The Lodge was magical. All the walls and ceiling were covered in knotty pine. There were pinball machines in there and some tables and, on the far wall, above the pool table, there was a stuffed muskie so big it looked like it could have eaten our pet dachshund, Tina.
And there was a bar with a sign above it that said, “From the Land of Sky Blue Waters” and the blue water in that sign really did dance.
Underneath the sign, behind the bar, there was a stout, tough-looking guy wearing a white t-shirt and blue jeans. His black hair was slicked back with more than a little dab of Brylcreem.
This was Bob, also known as “Bob the Bear.”
Bob was the owner of the resort. He was from “Up North” and, in all the years we would come to Rock Springs Resort, I never once saw Bob ever come out from behind that bar.
Never.
I was given an ice cream sandwich out of the refrigerated cooler in the entryway and allowed to sit at the bar. I sat there on my barstool, elbows on the bar, gnawing on that ice cream sandwich and just taking it all in.
There were pictures behind the bar of guys with really big fish and big stringers of fish and packages of hooks and bobbers and Daredevels and mosquito repellant and toothpaste and foot powder and just about everything anyone could ever need for a wonderful Up North vacation.
And, then, suddenly, Bob was right in front of me.
“Hey kid,” said Bob in a voice like gravel.
“H-hey,” I said as a droplet of ice cream ran down my thumb.
Bob eyed the ice cream, bar rag poised to wipe it away should it fall to bar.
I quickly licked it off my thumb.
Bob grunted and turned slightly to walk away.
“Ummm, hey Bob,” I said. “Are there like a lot of bearrrrss up here, huh Bob?”
Bob turned back to face me.
“Yeah, kid. We got some bears here.”
My eyes grew wide.
“Um. Gee, Bob, and does anyone ever get, like, you know, hideously mauled by a bear up here? Huh, Bob?”
I stuffed the last of the ice cream sandwich in my mouth.
Bob eyed me for a moment, wiped his hands with the bar rag and said, “No kid. All we got here is little black bears. They all hang out down at the dump, eatin’ garbage.”
I swallowed the last of the ice cream sandwich in one gulp as Bob pointed a stubby sausage finger at me.
“Now, if you wanna be afraid of sumthin’, kid, you be afraid of a moose, cuz a moose will KILL you!”
And Bob turned and walked away from me.
All these years later, I realize Bob was right.
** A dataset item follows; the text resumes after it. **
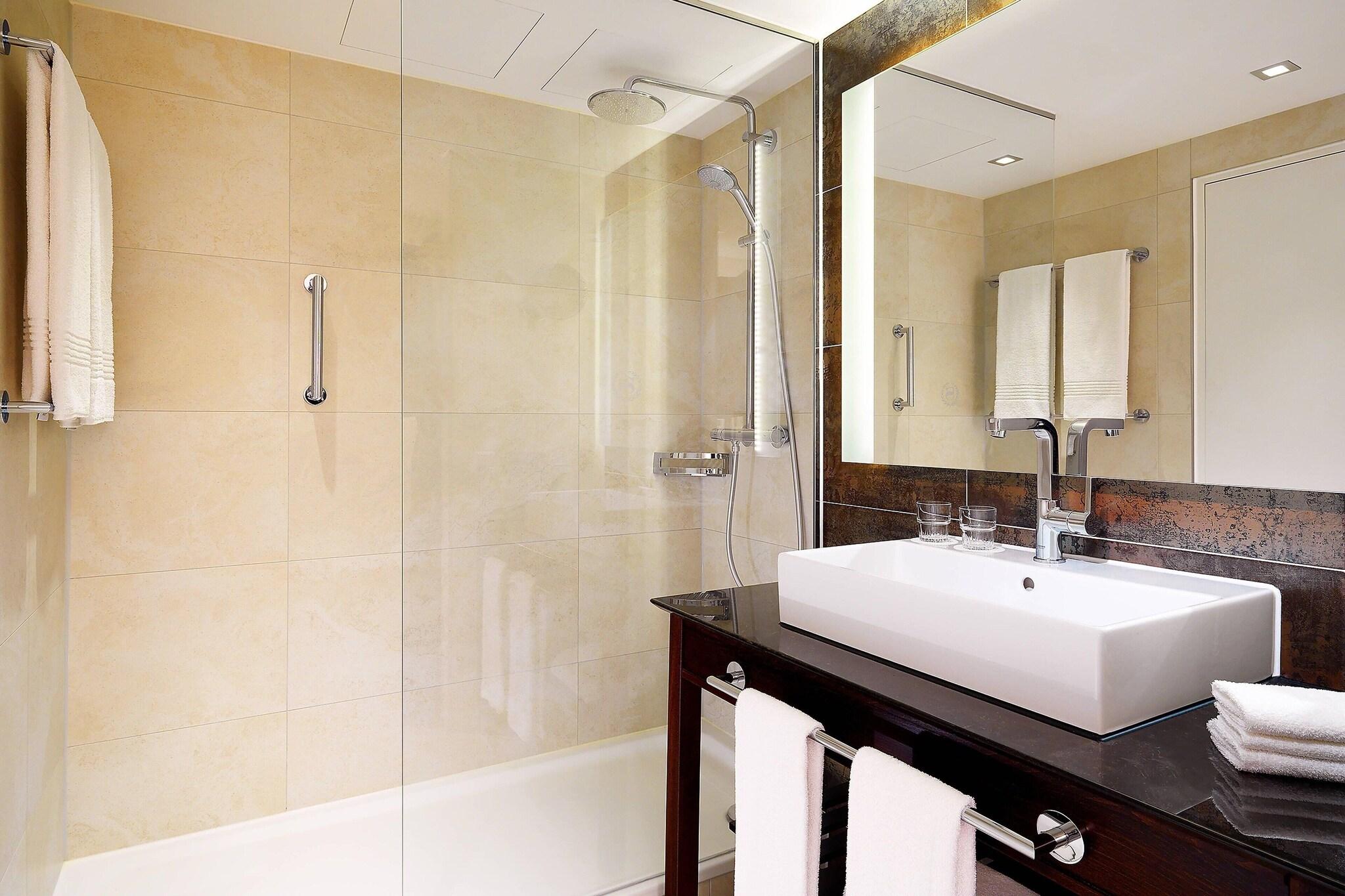 Double Club Queen Bed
We choose what we will be afraid of. Our fears and our phobias and the things that eat us like an ice cream sandwich are things that we feed and grow within us.
Back then, it was kind of fun to be afraid of bears. It was even fun to scare other people by saying you had seen a bear hiding behind this tree or that tree and see them react in fear.
But the song by Zach Williams they play on Kinship Christian Radio is right:
Oh, fear he is a liar
He will take your breath
Stop you in your steps
Fear he is a liar
He will rob your rest
Steal your happiness
Fear may trample you like a moose, or paralyze you like a roaring lion.
But it will kill you spiritually because it kills your praise for the only one who is worthy of your praise. It eats up your confidence, your faith, in the one who said He will never leave you or forsake you, of the one who said no one could ever snatch you out of His hand, of the one who said, over and over again, “Do not be afraid.”
Today’s Praise
“Your servant has struck down both lions and bears, and this uncircumcised Philistine shall be like one of them, for he has defied the armies of the living God.”1 Samuel 17:36 ESV (The words of David, right before he faced and killed the giant, Goliath.)